The study population was not fully representative of the PCD population. In common with many previous studies, it was more difficult to recruit men than women with only three men (14%) participating in the interviews. Approximately 6% of patients with PCD have cardiovascular disease [5]. None of the 21 interviewees in this study had cardiovascular disease, but even if we had designed the study population to be representative of the PCD population we would have aimed to have only one patient. Moreover, we would not be able to recruit patients with the diverse spectrum of cardiac disease e.g. complex cyanotic heart disease versus simple cardiac anomaly. It is therefore a limitation of the questionnaire that it does not include items relevant to patients with cardiac disease.

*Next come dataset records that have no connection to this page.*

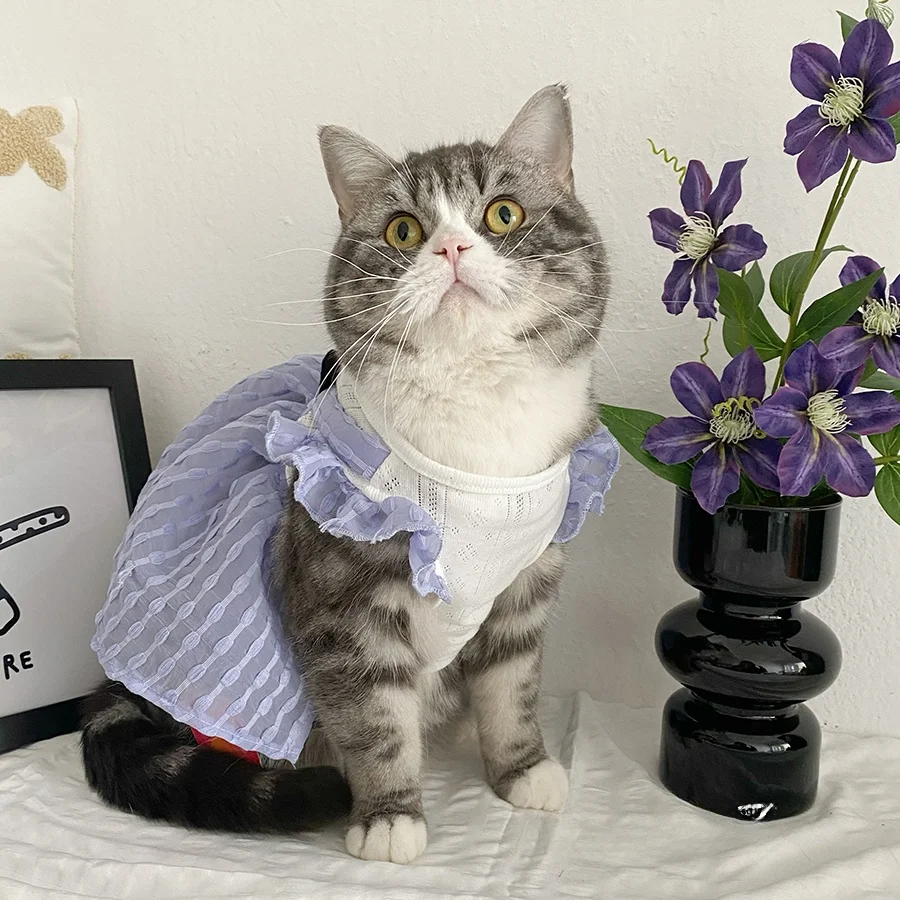 猫カフェデートで着る服は、コスプレみたいにしなくていい？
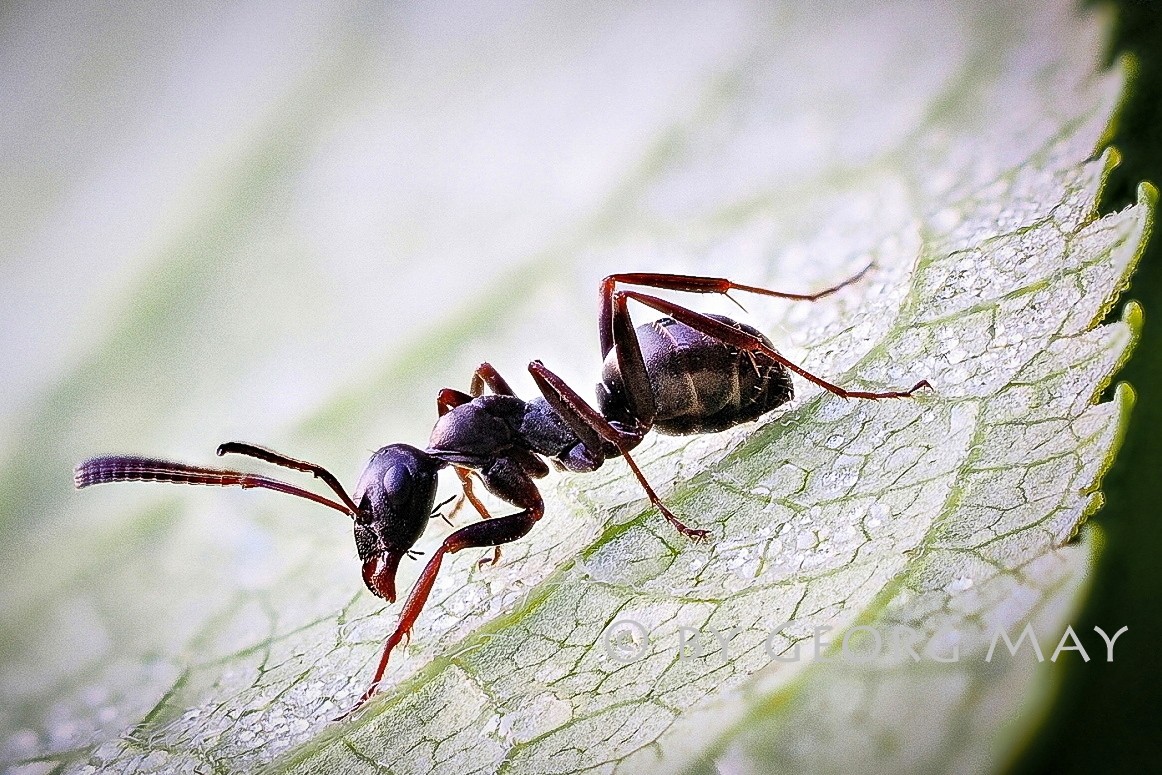 Schwarze Rossameise (Camponotus herculeanus) 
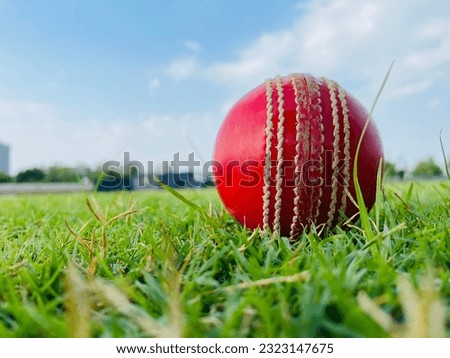 Cricket Leather Ball on Green Grass
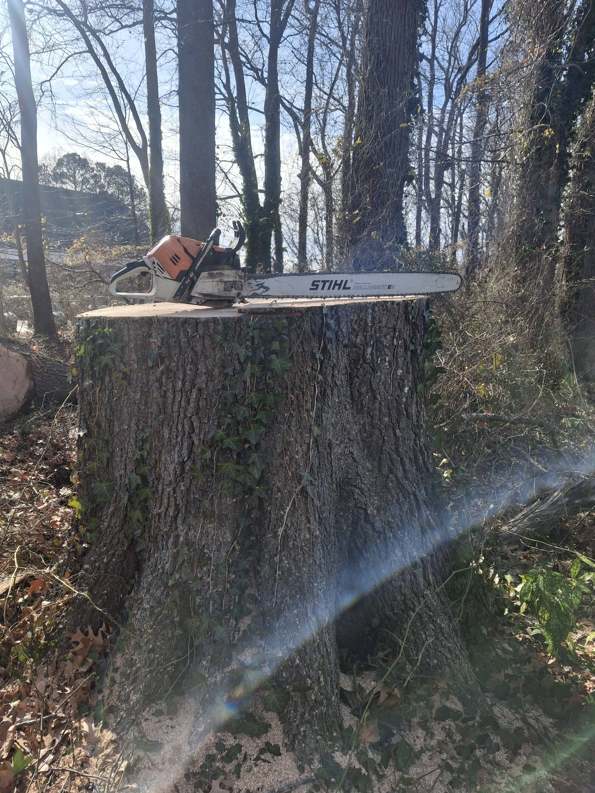 A large tree stump with a chainsaw resting on top, showcasing a completed tree removal by Alley's Tree Service in Va Beach, VA.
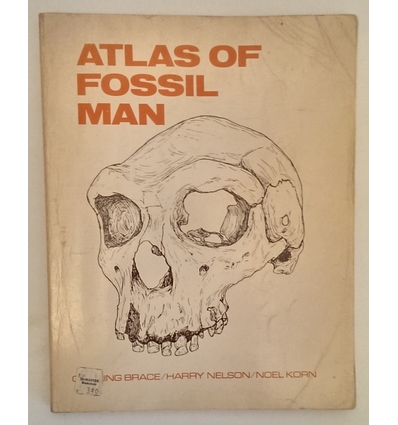 Brace, C. Loring  und Nelson, Harry  und Korn, Noel: Atlas of Fossil Man. ...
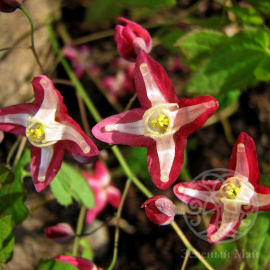 Горянка красная (rubrum)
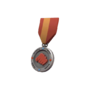 Backpack Tournament Medal - NHBL Finals 2nd Place.png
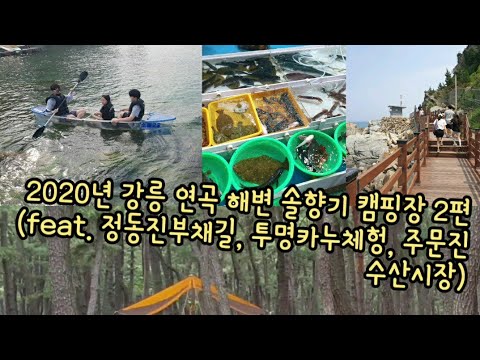 [낚시대마왕] 2020년 강릉 솔향기 가족 캠핑 2편/ 강릉 여행 코스/ 정동진 부채길/ 주문진 투명 카약체험/ 수산시장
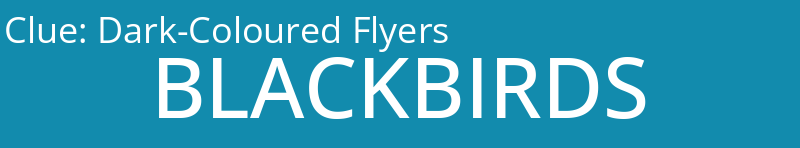 Dark-Coloured Flyers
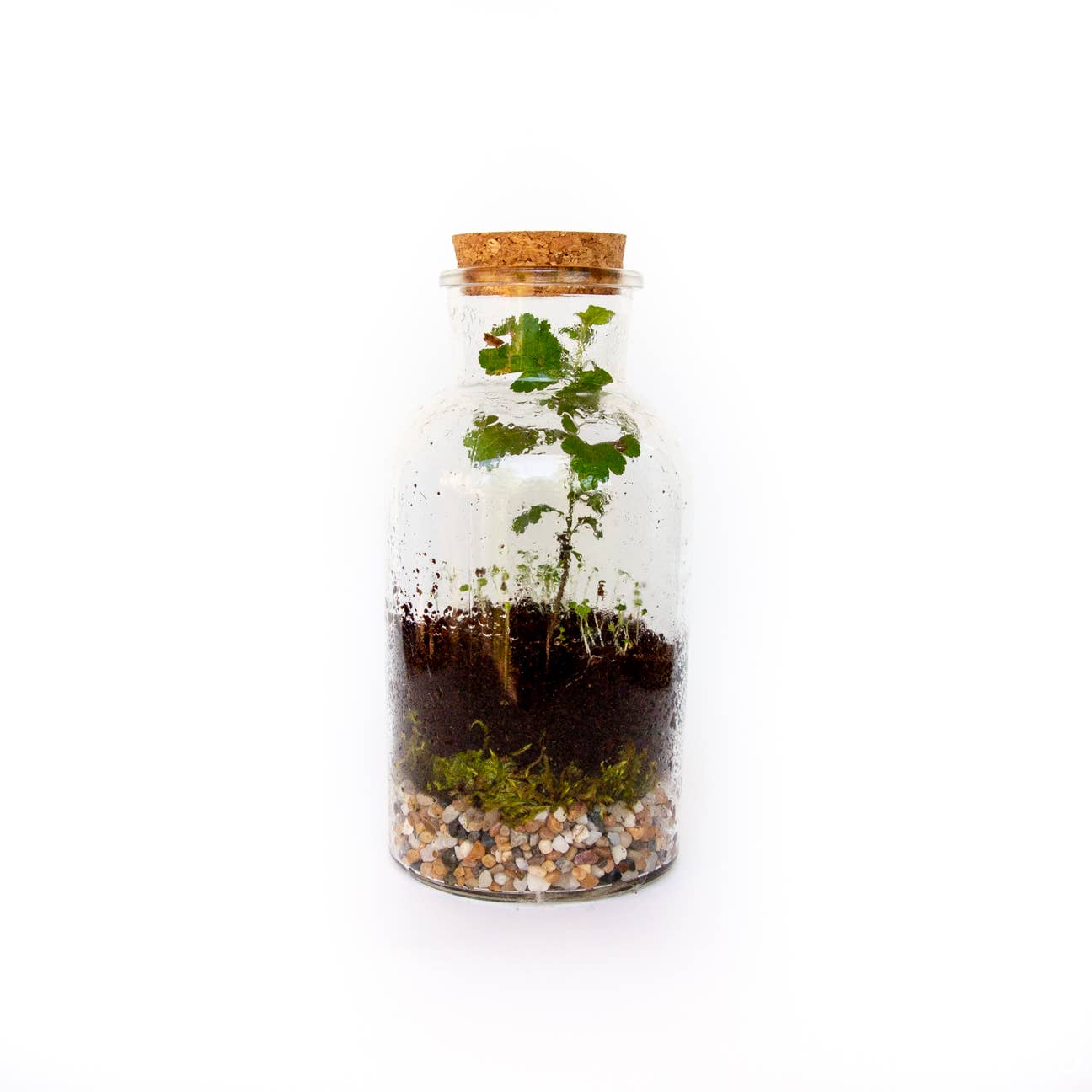 DIY Large Jar Terrarium with Soil and Moss Garden Crafts Kit, photo 4 of 5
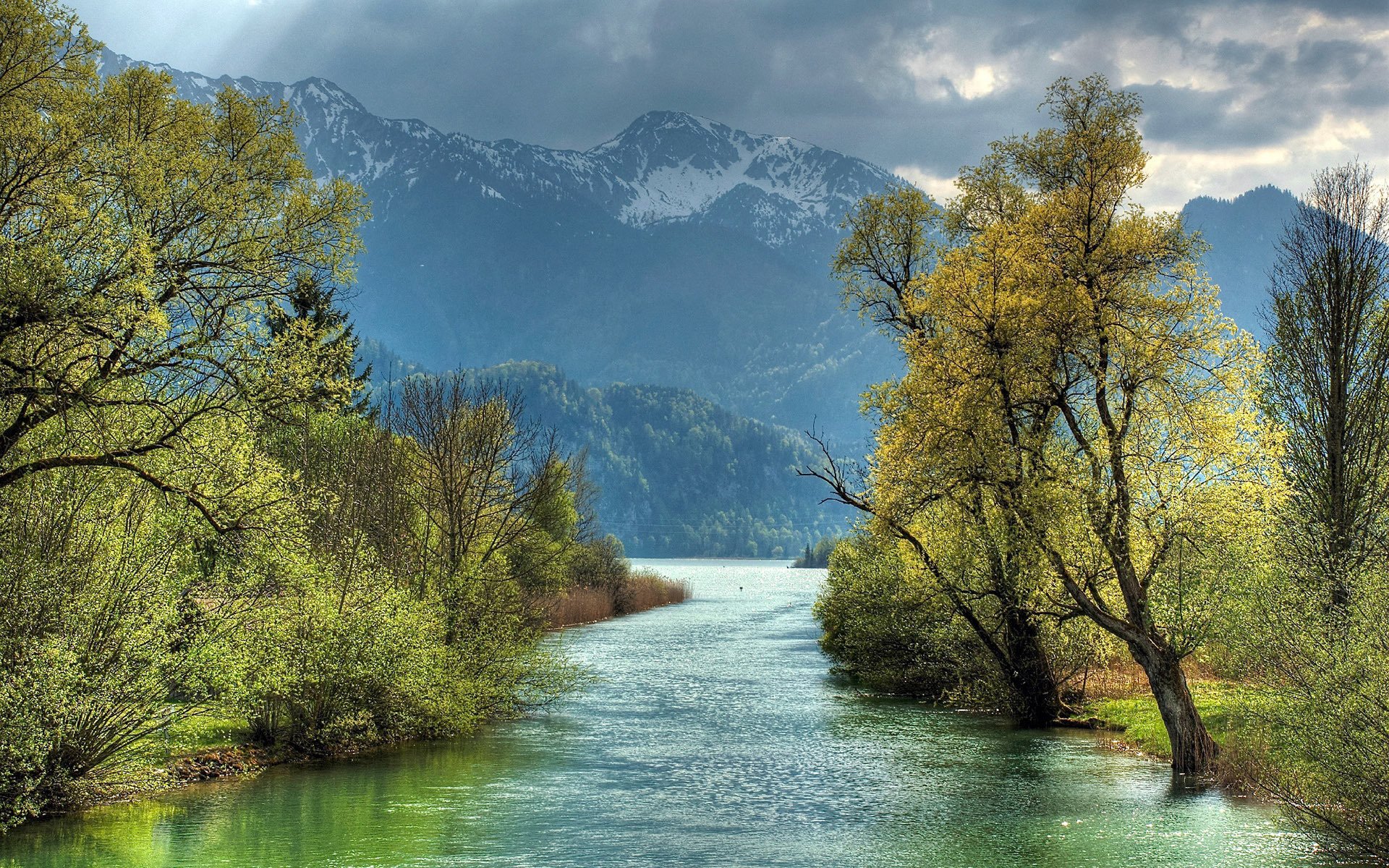 montañas bosque río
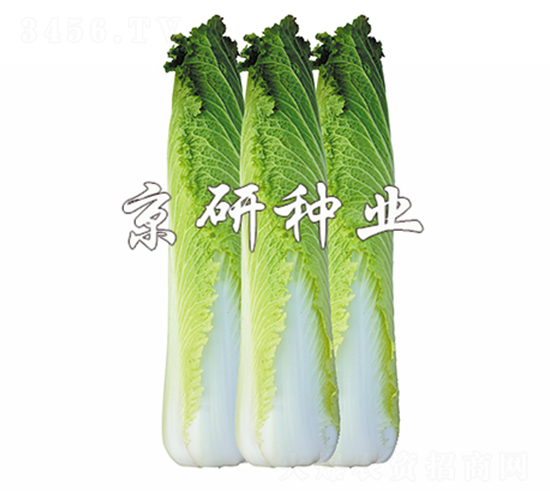 京箭65-白菜種子-京研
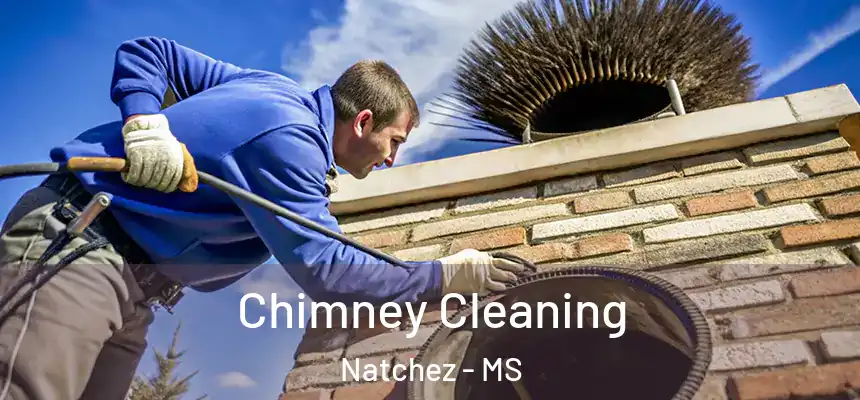  Chimney Cleaning Natchez - MS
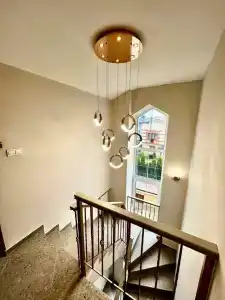 Белый лотос - 11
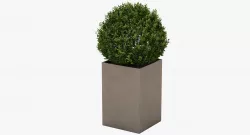 Planter 3D model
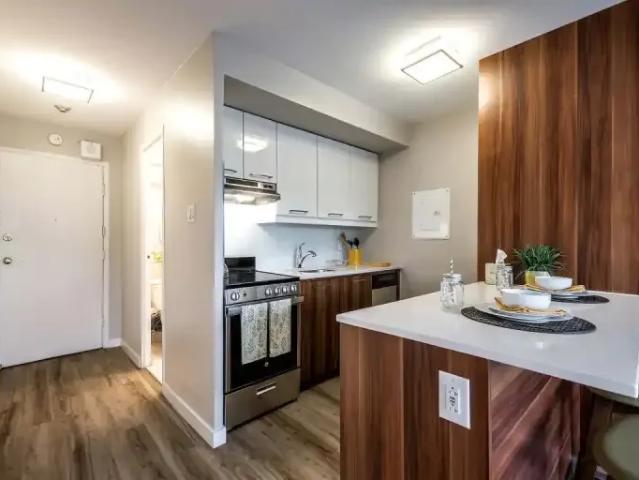 2 Bedroom Apartment Montreal QC 102271582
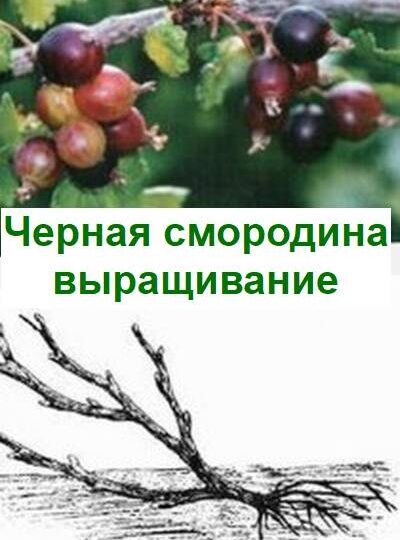 Как выращивать черную смородину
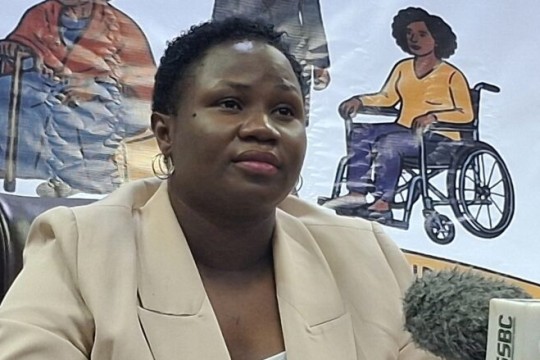 Minister calls for 10% gender budget in South Sudan-Sudan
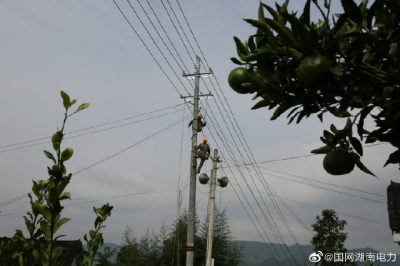 對更換線路10千伏王李線李子園支線4號至7號桿進行金具安裝、導(dǎo)線展放及搭火作業(yè)
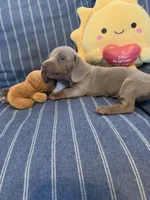 Fancy Lilac/Fawn Baby Boy , a male Miniature Dachshund for sale in San Antonio, TX – 2 of 9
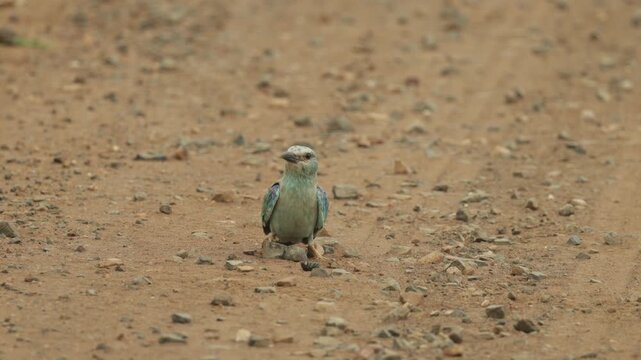 Wide shot of a European roller standing on the dirt road trying to kill a beetle while holding it in its beak, smacking it into the ground, Kruger National Park.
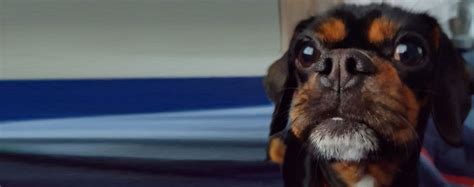 Pugalier | Dog Breed Facts and Information - Wag! Dog Walking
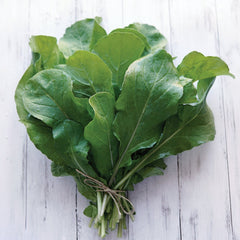 Roquette Arugula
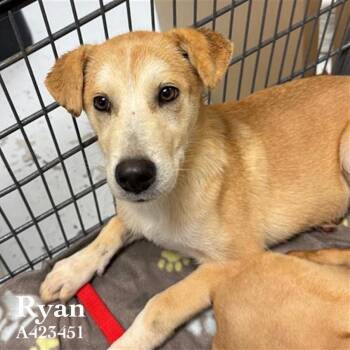 Labrador Retriever Dogs Available for Adoption - Cassolato / Ryan | PetCurious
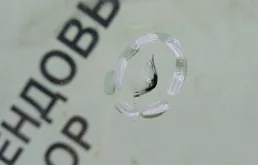 Стекла и зеркала для Toyota Corolla 2025 года на фотографиях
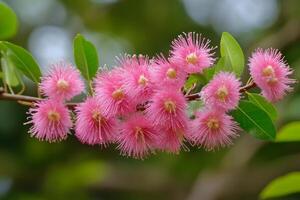 A close up of pink flowers on a tree branch photo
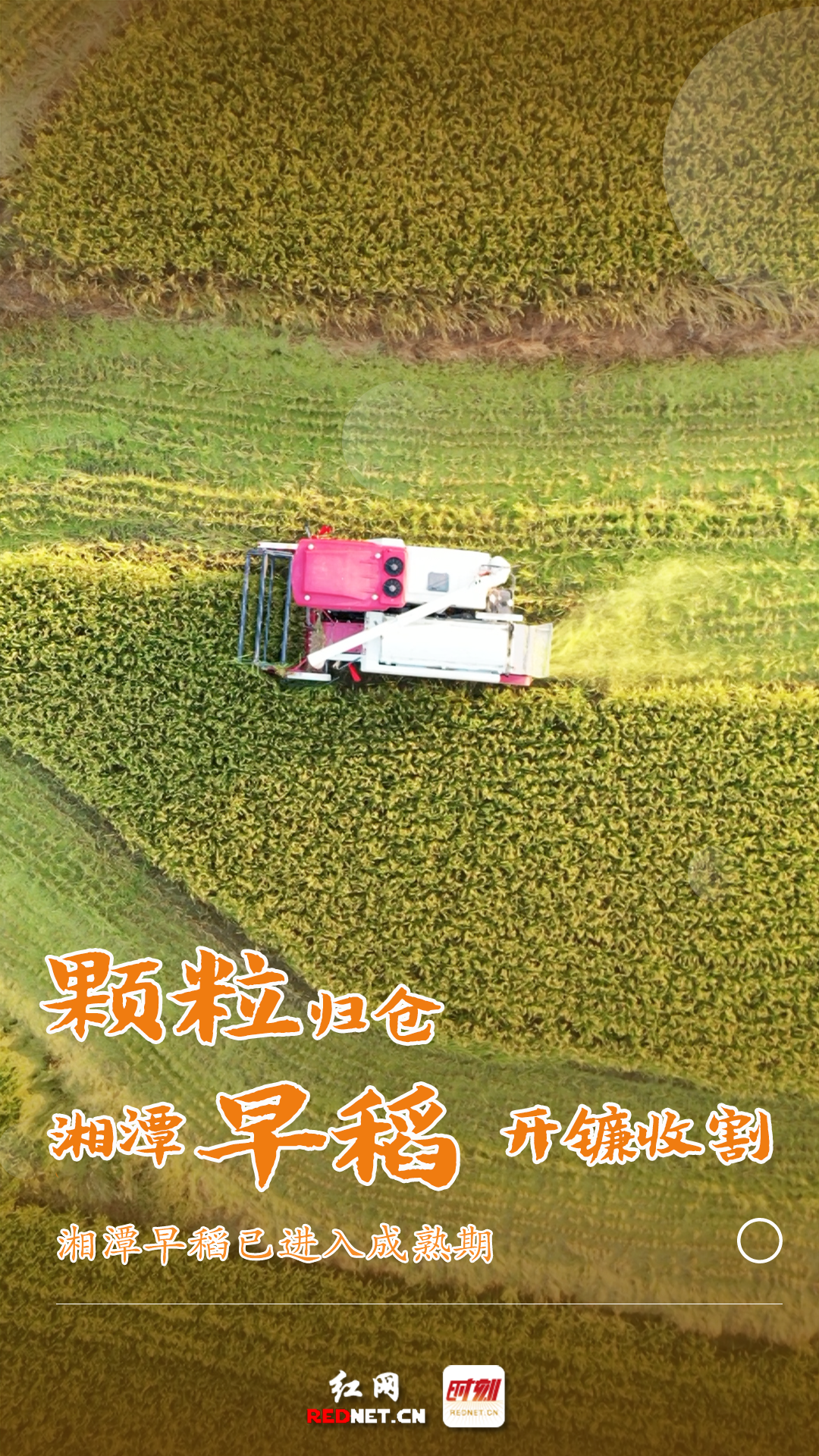 未标题-2.png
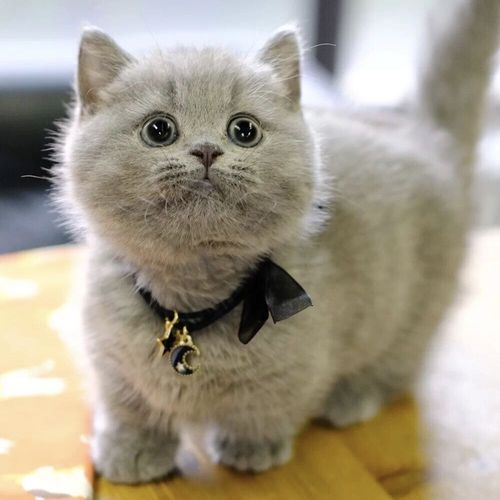 买一只猫咪大概多少钱（100元以内宠物猫）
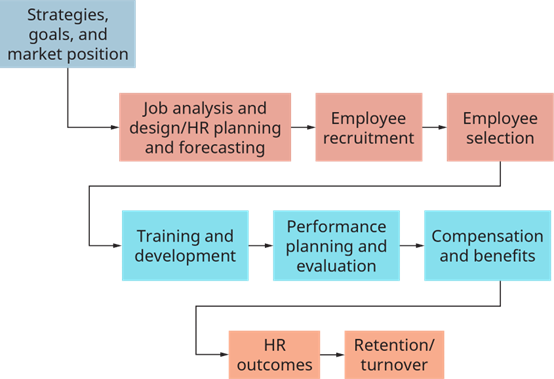 الشكل 8.3: عملية إدارة الموارد البشرية (المصدر: جامعة رايس، OpenStax)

A reliable patient-reported outcome measure for PCD is particularly important, given that physiological measures such as forced expiratory volume in 1 s and LCI are not sensitive or predictive, and HRCT is not suitable for repeat testing due to radiation exposure. Importantly, the QOL–PCD provides a measure of the multidimensional effects of PCD on adults, from their own perspective including its impact on the upper and lower respiratory systems, treatment burden and social and emotional functioning. Reliability and validity studies are currently in process and will be reported in due course.

In summary, the QOL–PCD was developed and has undergone cognitive testing in adults from several English-speaking countries. It has been translated into Dutch, German, and Danish, with plans to develop translations from major European countries and the Middle East. A multi-national, psychometric field-study is now planned to assess several forms of reliability and validity. Similar processes have been used to develop age-specific HRQoL measures for children and adolescents with PCD and parent caregivers. These instruments will also be translated into other languages and validated in future studies.